### Task data
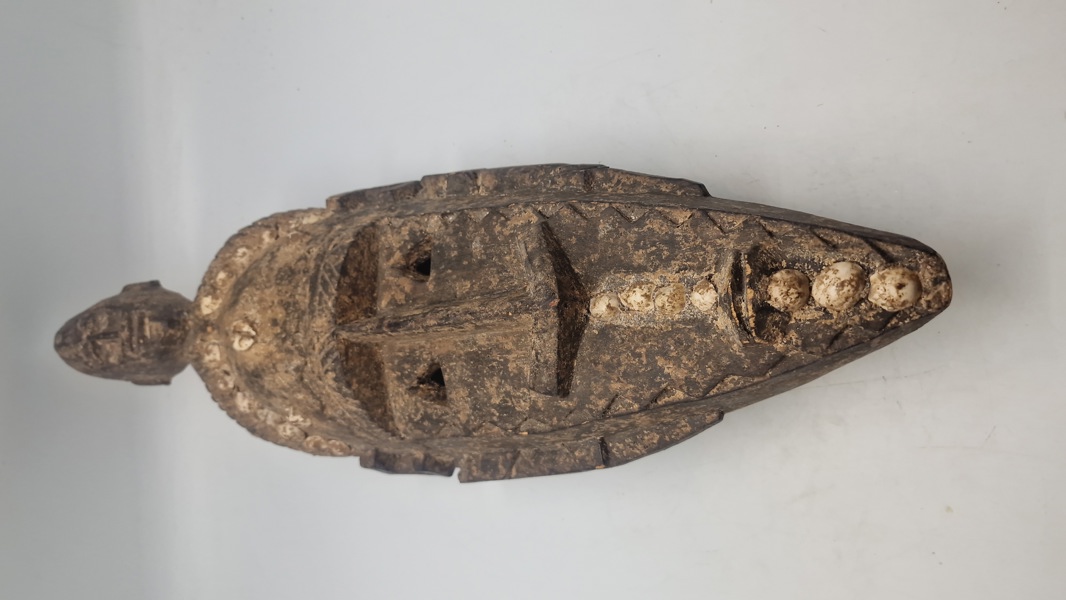 afrikansk træmaske, der minder om stilistiske træk fundet i Dan- eller Senufo-kulturerne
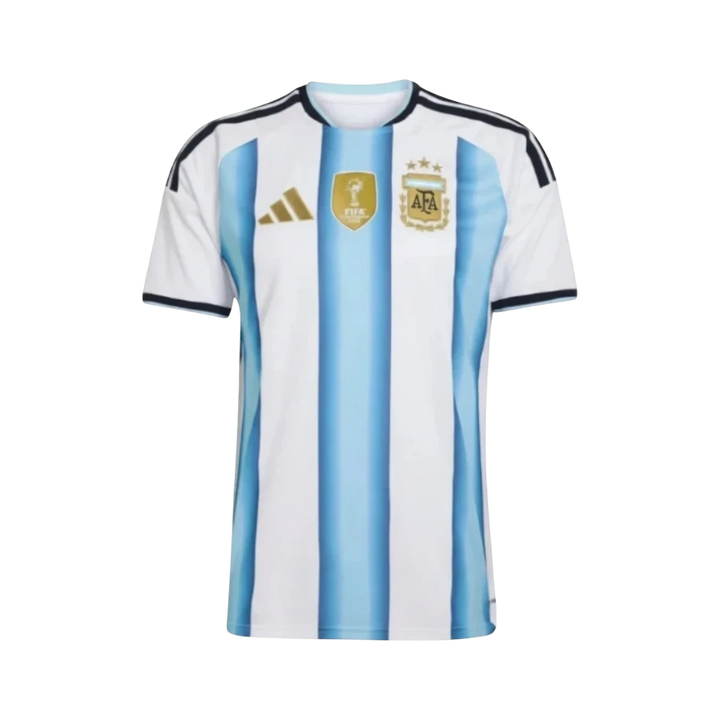 Camiseta de fútbol blanca y celeste de Argentina, primera equipación, con franjas verticales, escudo AFA y logo FIFA World Champions 2022 de CeFutShop.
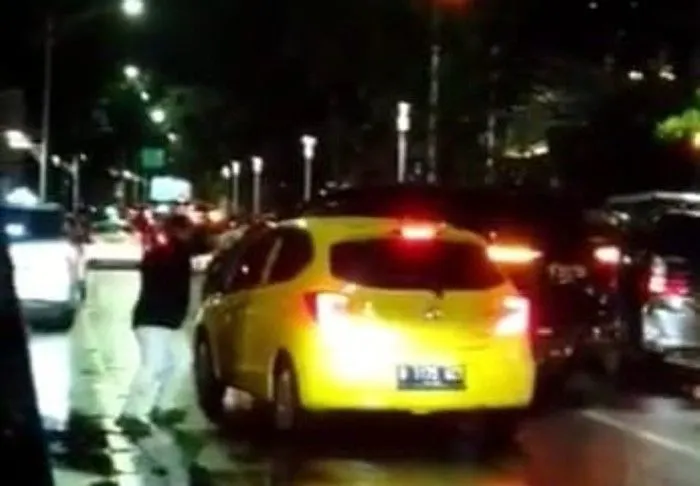 Terungkap! Pelaku Koboi Perusak Mobil Honda Brio di Jalan Senopati Ternyata Ancam Korban dengan Senjata Mainan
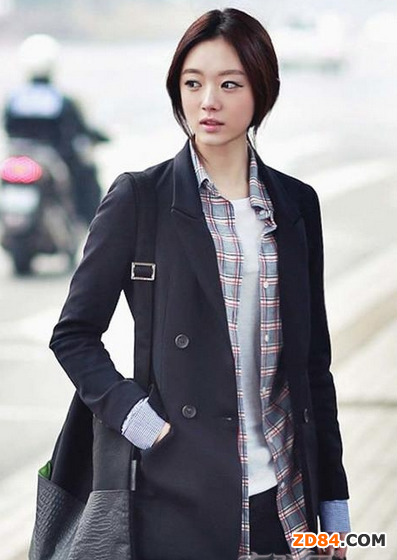 哈韓風(fēng)格來襲 美眉教你穿黑色西裝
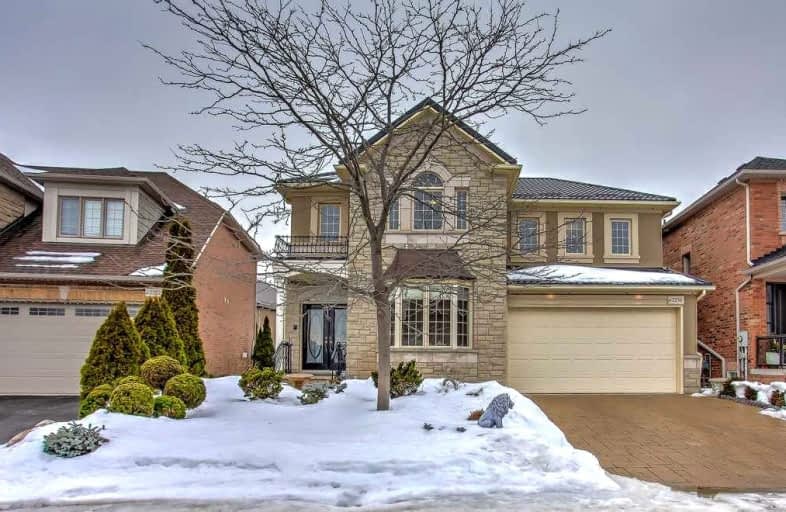 2256 Blackbird Court North, Oakville | Image 1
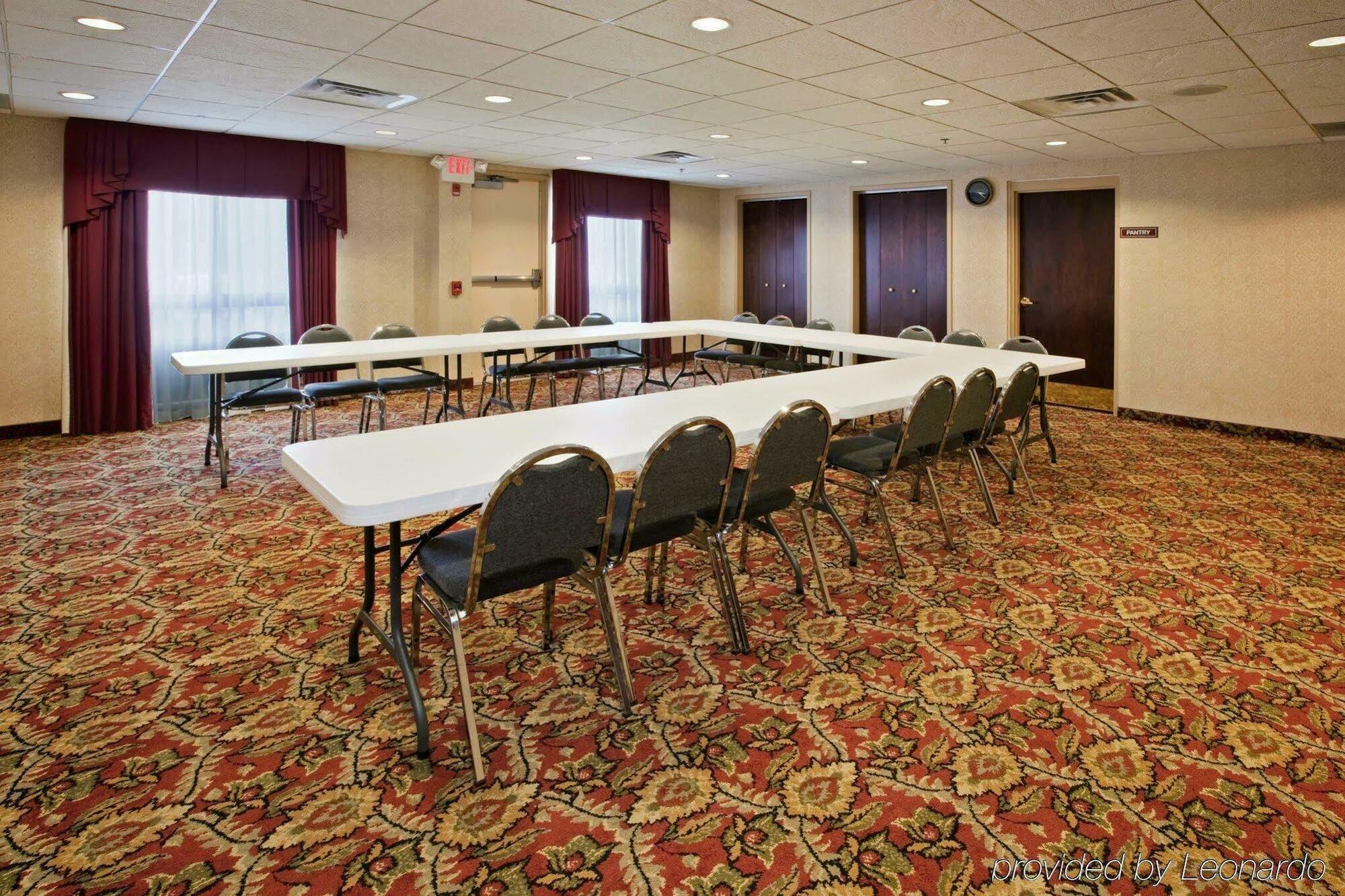 Holiday Inn Express Hotel & Suites Ashland By Ihg Exterior photo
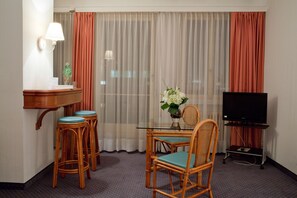 1 bedroom, minibar, in-room safe, desk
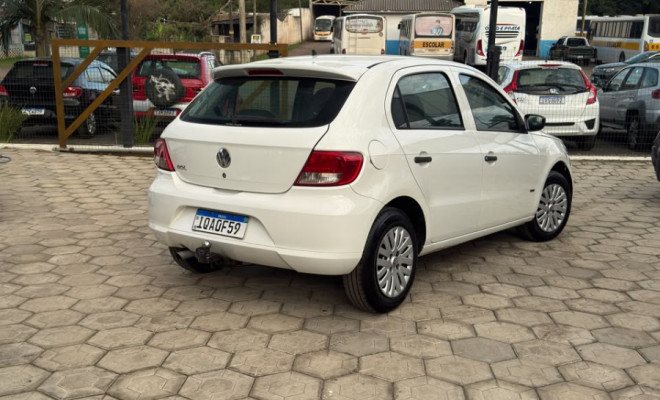 VW - VolksWagen Gol (novo) 1.0 Mi Total Flex 8V 4p 2010 Flex-2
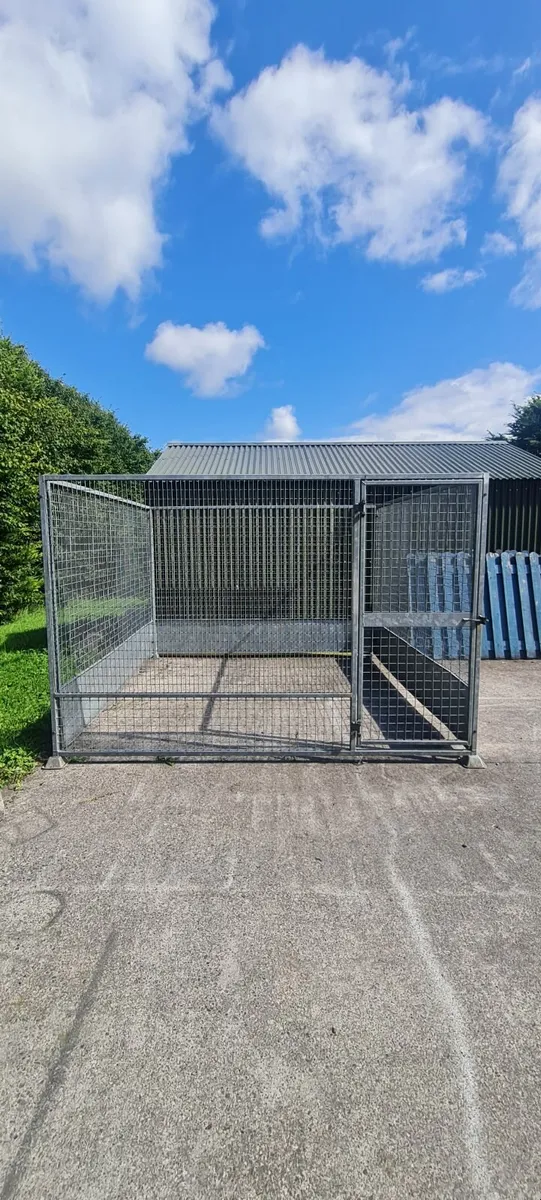Dog pen - Image 1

### Problem to solve
The output must start at the line holding "VW - VolksWagen", end at the last line of the listing above, and show each line exactly; please omit all pictures.

### Completed task
 VW - VolksWagen Gol (novo) 1.0 Mi Total Flex 8V 4p 2010 Flex-2
Dog pen - Image 1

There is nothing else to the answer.